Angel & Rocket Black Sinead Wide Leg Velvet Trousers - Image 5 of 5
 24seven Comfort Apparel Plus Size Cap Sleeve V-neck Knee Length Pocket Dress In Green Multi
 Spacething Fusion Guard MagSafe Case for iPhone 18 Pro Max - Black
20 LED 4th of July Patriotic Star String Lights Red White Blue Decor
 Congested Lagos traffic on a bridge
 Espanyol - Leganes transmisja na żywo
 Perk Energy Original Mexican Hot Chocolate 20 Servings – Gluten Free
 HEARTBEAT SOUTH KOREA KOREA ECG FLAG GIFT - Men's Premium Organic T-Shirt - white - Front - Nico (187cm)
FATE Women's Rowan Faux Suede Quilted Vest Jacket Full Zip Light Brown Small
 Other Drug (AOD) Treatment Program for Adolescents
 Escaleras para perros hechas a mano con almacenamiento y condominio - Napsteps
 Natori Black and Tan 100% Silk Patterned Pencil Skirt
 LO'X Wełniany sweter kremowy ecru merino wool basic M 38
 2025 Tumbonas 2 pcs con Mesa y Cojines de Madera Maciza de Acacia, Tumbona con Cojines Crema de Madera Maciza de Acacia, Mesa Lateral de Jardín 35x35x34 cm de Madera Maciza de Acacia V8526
══════════
# AIM OF THE EXERCISE
From the first line of the records above to the line that contains "LO'X Wełniany sweter", quote each line exactly.

# SOLUTION TO THE EXERCISE
Angel & Rocket Black Sinead Wide Leg Velvet Trousers - Image 5 of 5
 24seven Comfort Apparel Plus Size Cap Sleeve V-neck Knee Length Pocket Dress In Green Multi
 Spacething Fusion Guard MagSafe Case for iPhone 18 Pro Max - Black
20 LED 4th of July Patriotic Star String Lights Red White Blue Decor
 Congested Lagos traffic on a bridge
 Espanyol - Leganes transmisja na żywo
 Perk Energy Original Mexican Hot Chocolate 20 Servings – Gluten Free
 HEARTBEAT SOUTH KOREA KOREA ECG FLAG GIFT - Men's Premium Organic T-Shirt - white - Front - Nico (187cm)
FATE Women's Rowan Faux Suede Quilted Vest Jacket Full Zip Light Brown Small
 Other Drug (AOD) Treatment Program for Adolescents
 Escaleras para perros hechas a mano con almacenamiento y condominio - Napsteps
 Natori Black and Tan 100% Silk Patterned Pencil Skirt
 LO'X Wełniany sweter kremowy ecru merino wool basic M 38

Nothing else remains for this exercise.